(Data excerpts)
....

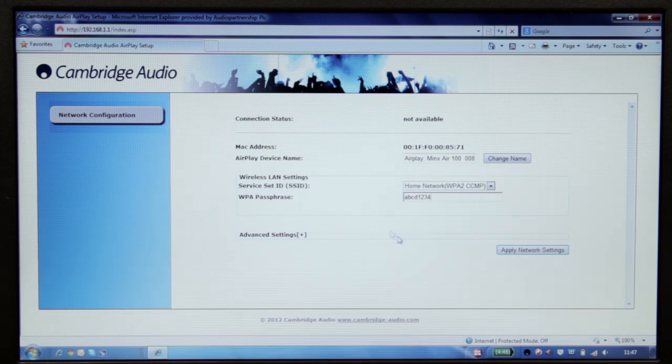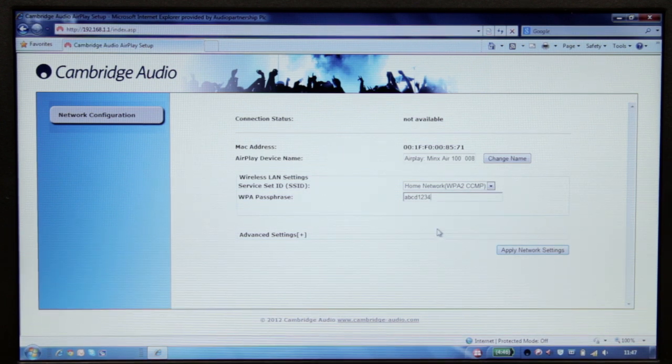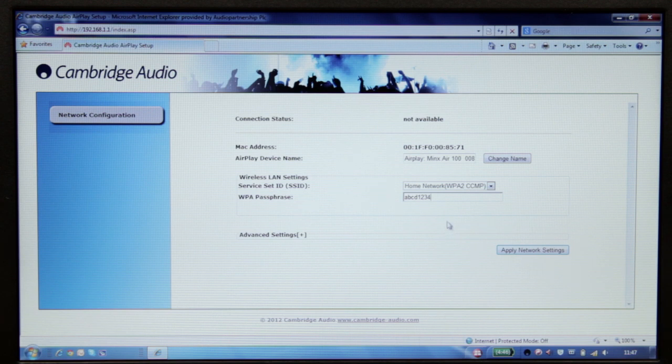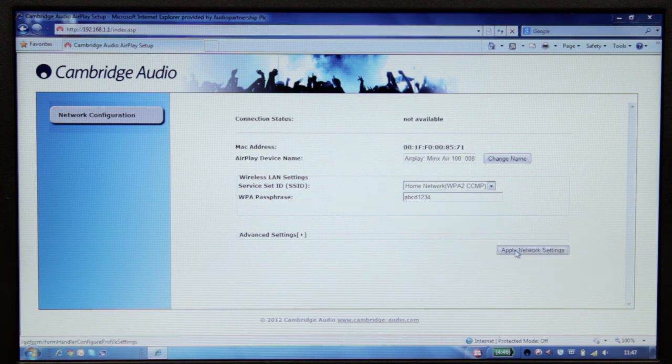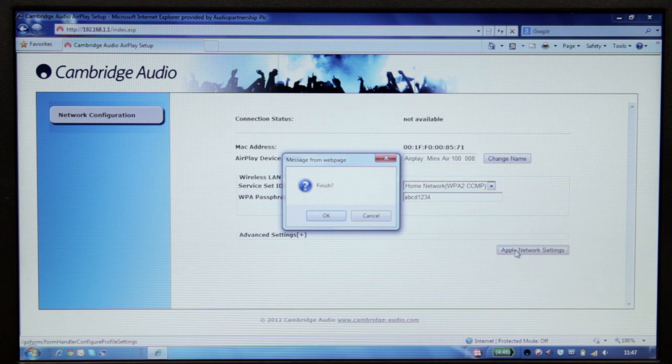If you are happy that the network details and password are definitely correct, then click on Apply Network Settings. You will be prompted to double-check and click OK to finish.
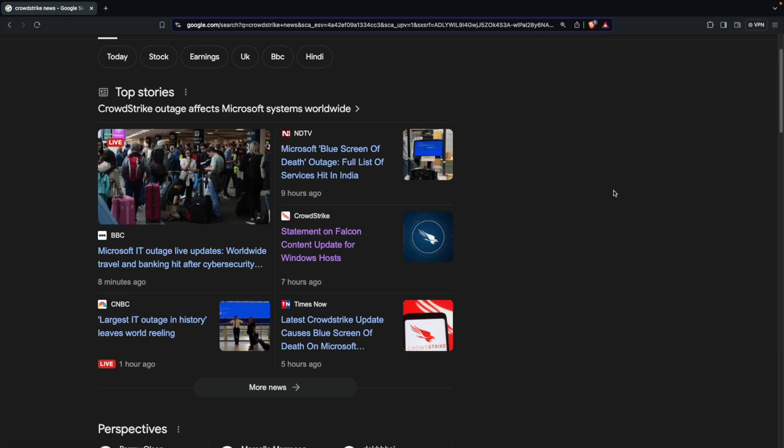As you're all probably aware right now, there has been a major outage across systems, across enterprise systems, across industries, across banking sector, stock exchanges, aviation sector, etc.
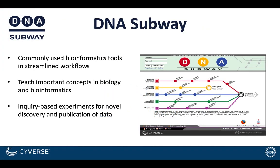DNA Subway packages commonly used bioinformatics tools into streamlined workflows. You can teach the important concepts in biology and bioinformatics while using inquiry-based experiments for novel discovery and publication of data.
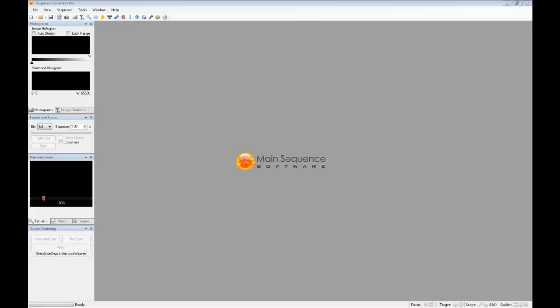Hey everybody, this is Jared with MainSequence Software and this is a quick demo of the Framing and Mosaic feature found in the 2.2 release.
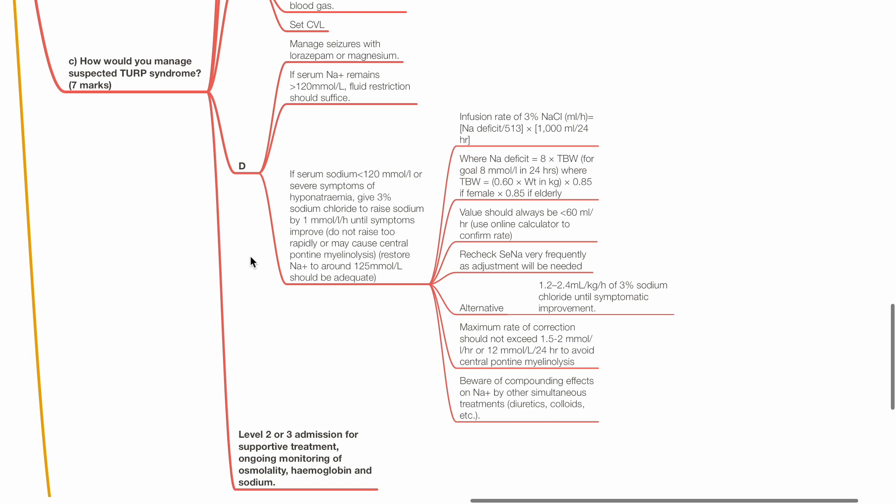Alternative is to infuse 1.2 to 2.4 mL per kg per hour of 3% sodium chloride until symptomatic improvement. Maximum rate of correction should not exceed 1.5 to 2 mmol per liter per hour or 12 mmol per liter in 24 hours serum sodium to avoid central pontine myelinolysis. Beware of compounding effects on serum sodium by other treatments such as diuretics and colloids.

....

◆ What is being asked:
Verbatim transcription needed, from the opening line of the entries above through the line containing "DNA Subway packages"; pictures do not belong in it.

◆ Answer:
If you are happy that the network details and password are definitely correct, then click on Apply Network Settings. You will be prompted to double-check and click OK to finish.
As you're all probably aware right now, there has been a major outage across systems, across enterprise systems, across industries, across banking sector, stock exchanges, aviation sector, etc.
DNA Subway packages commonly used bioinformatics tools into streamlined workflows. You can teach the important concepts in biology and bioinformatics while using inquiry-based experiments for novel discovery and publication of data.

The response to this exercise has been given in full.